_PROVIDED MATERIAL_
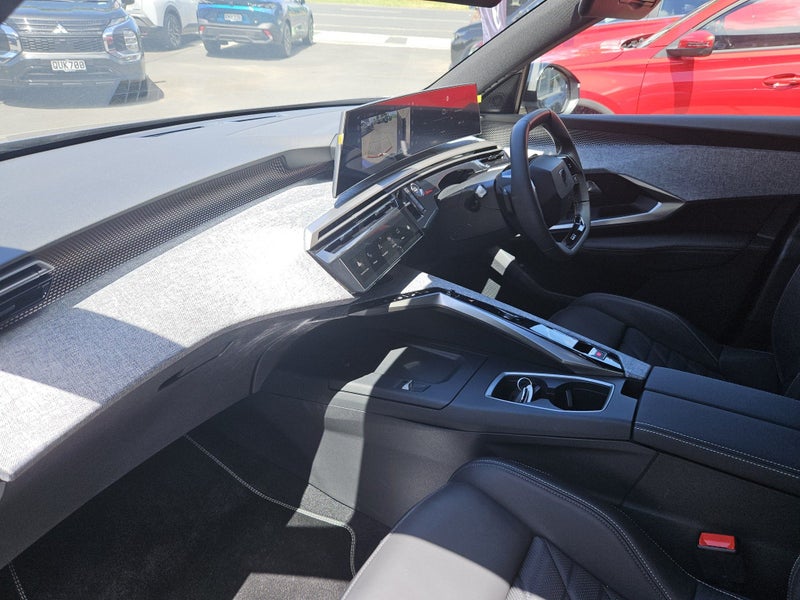 2025 Peugeot 5008 GT Premium image 3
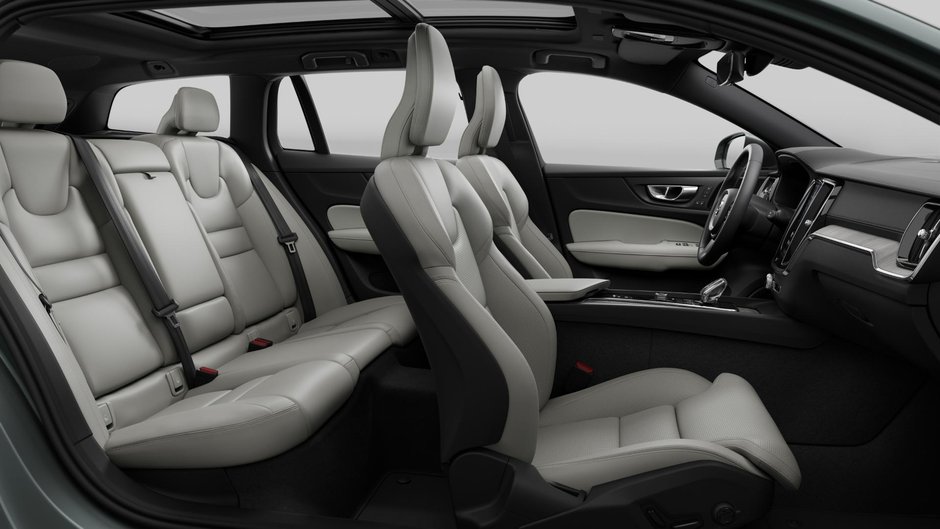 Volvo V60 Cross Country B5 AWD Ultra 2026-10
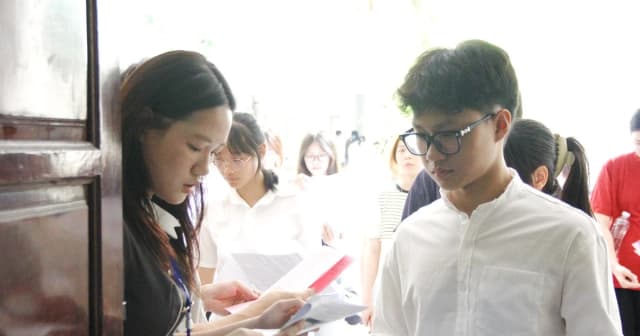 Thí sinh không nên chỉ dựa vào phổ điểm để đăng ký nguyện vọng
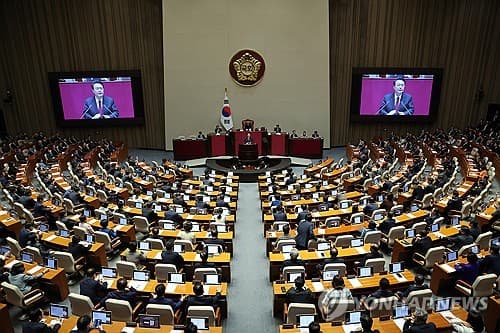 블랙홀 된 &lsquo;메가 서울&rsquo;, 틀렸다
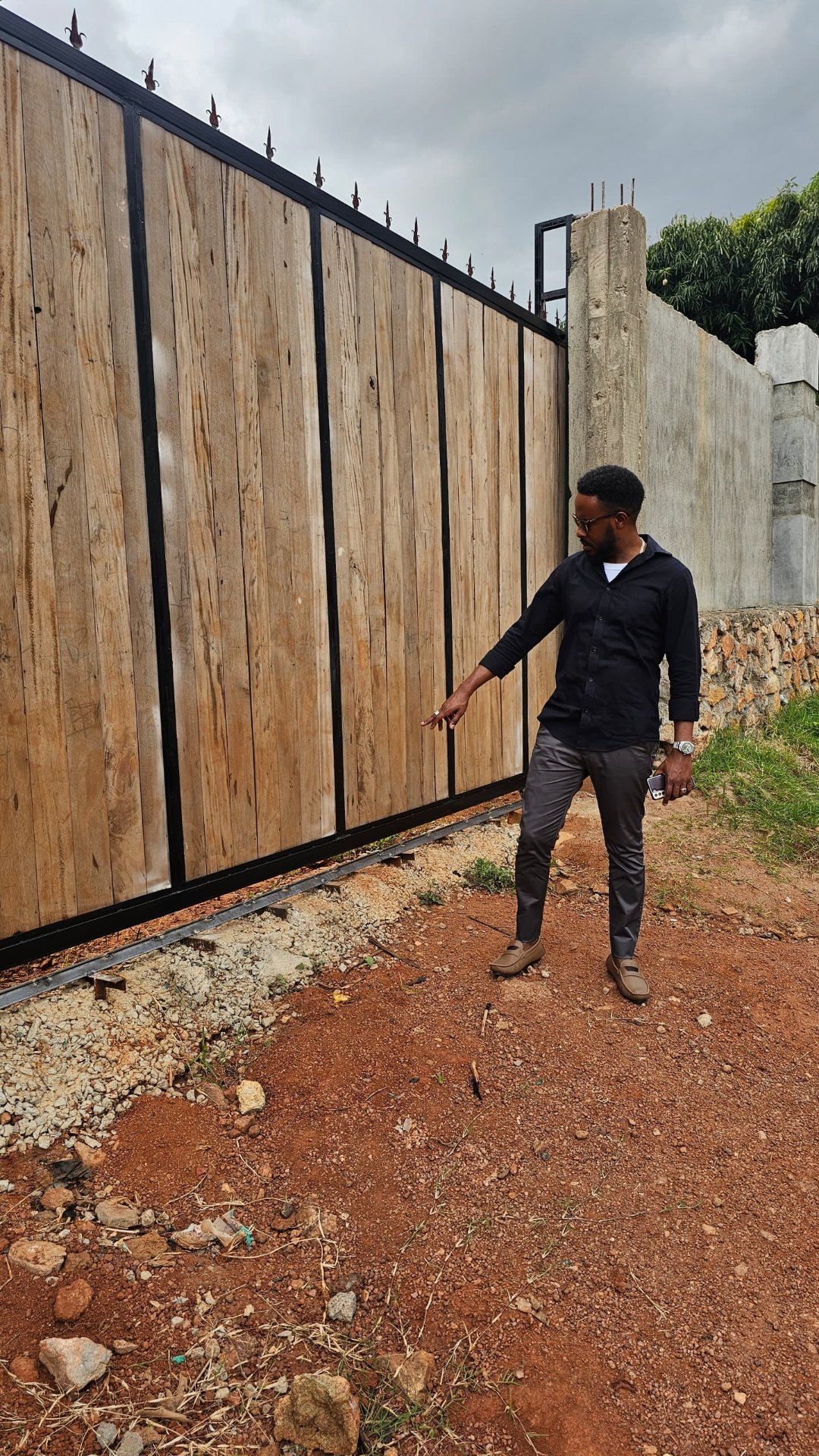 Namulanda Perimeter Wall & Gate House — view 2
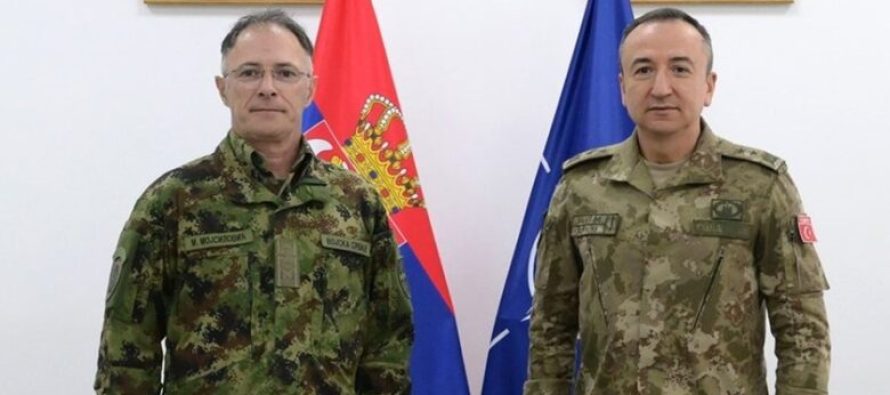 Shefi i Ushtrisë së Serbisë bisedon me komandantin e KFOR-it për sigurinë në Kosovë dhe rajon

_WHAT YOU WILL DO_
Everything from the line containing "블랙홀 된 &lsquo;메가 서울&rsquo;, 틀렸다" through the last line of the entries is to be output exactly as written, minus any pictures.

_SOLVED EXERCISE_
 블랙홀 된 &lsquo;메가 서울&rsquo;, 틀렸다
 Namulanda Perimeter Wall & Gate House — view 2
 Shefi i Ushtrisë së Serbisë bisedon me komandantin e KFOR-it për sigurinë në Kosovë dhe rajon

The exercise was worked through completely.